__Given material__
------------------------
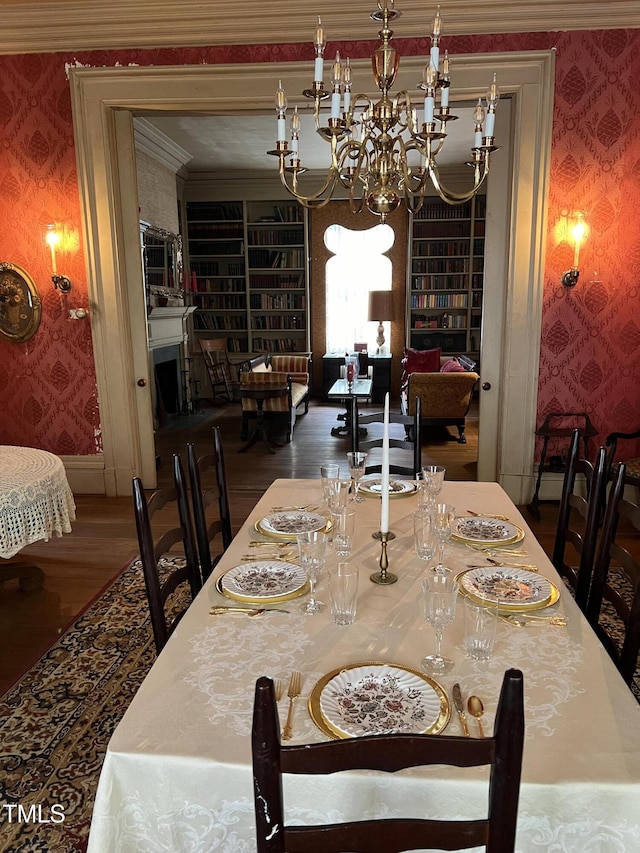 dining area with an inviting chandelier, ornamental molding, wood finished floors, and wallpapered walls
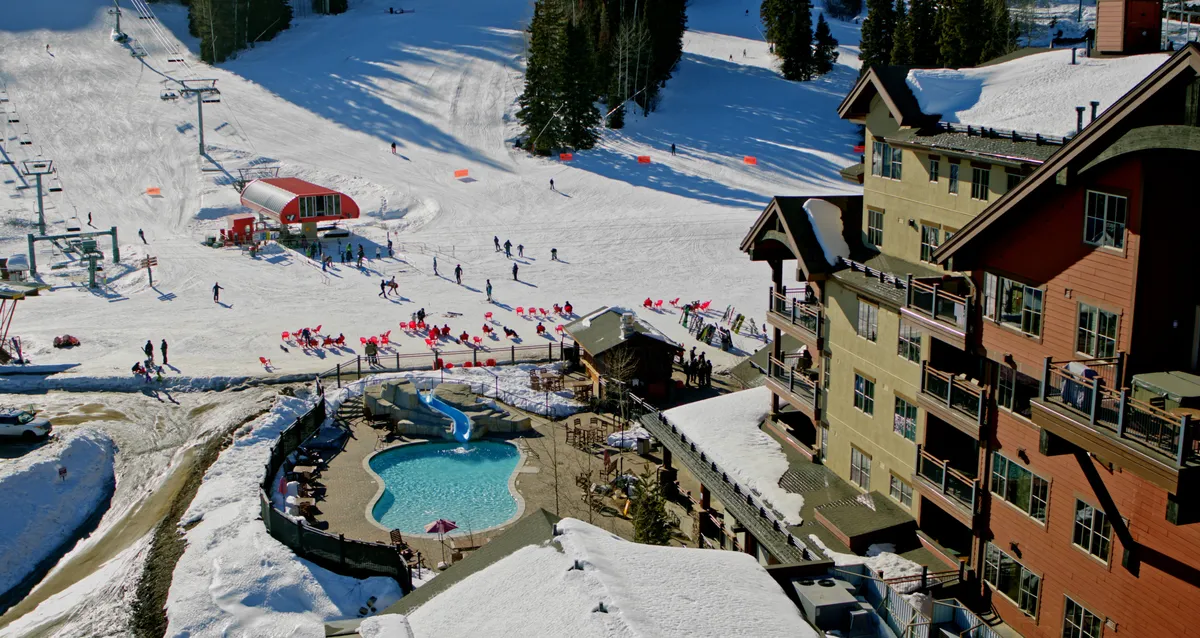 A sweeping exterior view of Purgatory Lodge, with the snow-covered ski slopes and ski lifts just steps from the lodge. The image also features an inviting outdoor heated swimming pool surrounded by the wintry landscape, with guests relaxing both by the pool and at the lodge. The Needles Mountain Range rises in the background, framing the scene with dramatic alpine views.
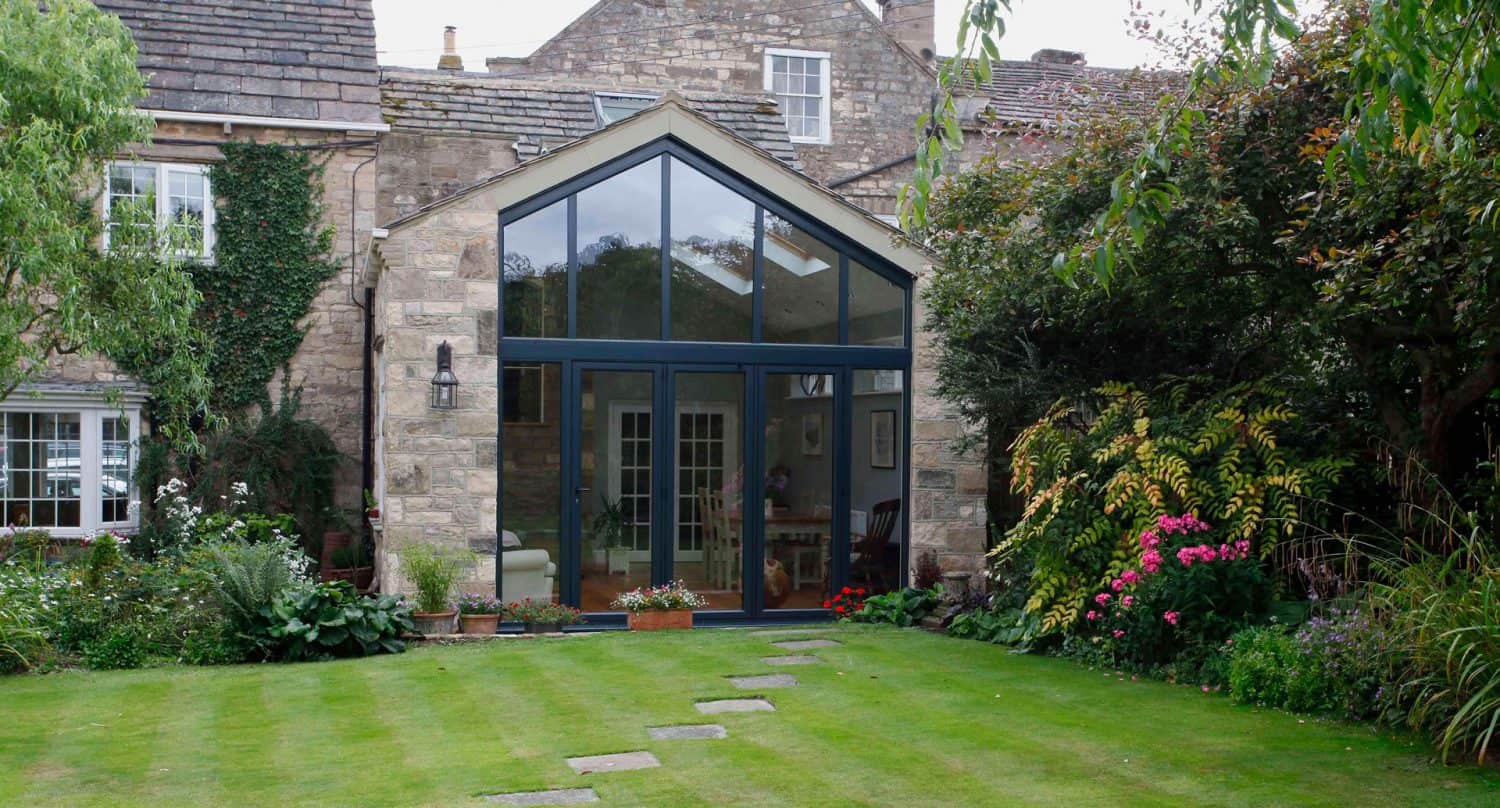 A stone house features a modern glass extension with a high, triangular roof. The garden has a green lawn, stepping stones, colorful flowers, and lush plants surrounding the house.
------------------------
__Activity__
Omit the pictures, then output the rest of the listing exactly.

__Output for this task__
 dining area with an inviting chandelier, ornamental molding, wood finished floors, and wallpapered walls
 A sweeping exterior view of Purgatory Lodge, with the snow-covered ski slopes and ski lifts just steps from the lodge. The image also features an inviting outdoor heated swimming pool surrounded by the wintry landscape, with guests relaxing both by the pool and at the lodge. The Needles Mountain Range rises in the background, framing the scene with dramatic alpine views.
 A stone house features a modern glass extension with a high, triangular roof. The garden has a green lawn, stepping stones, colorful flowers, and lush plants surrounding the house.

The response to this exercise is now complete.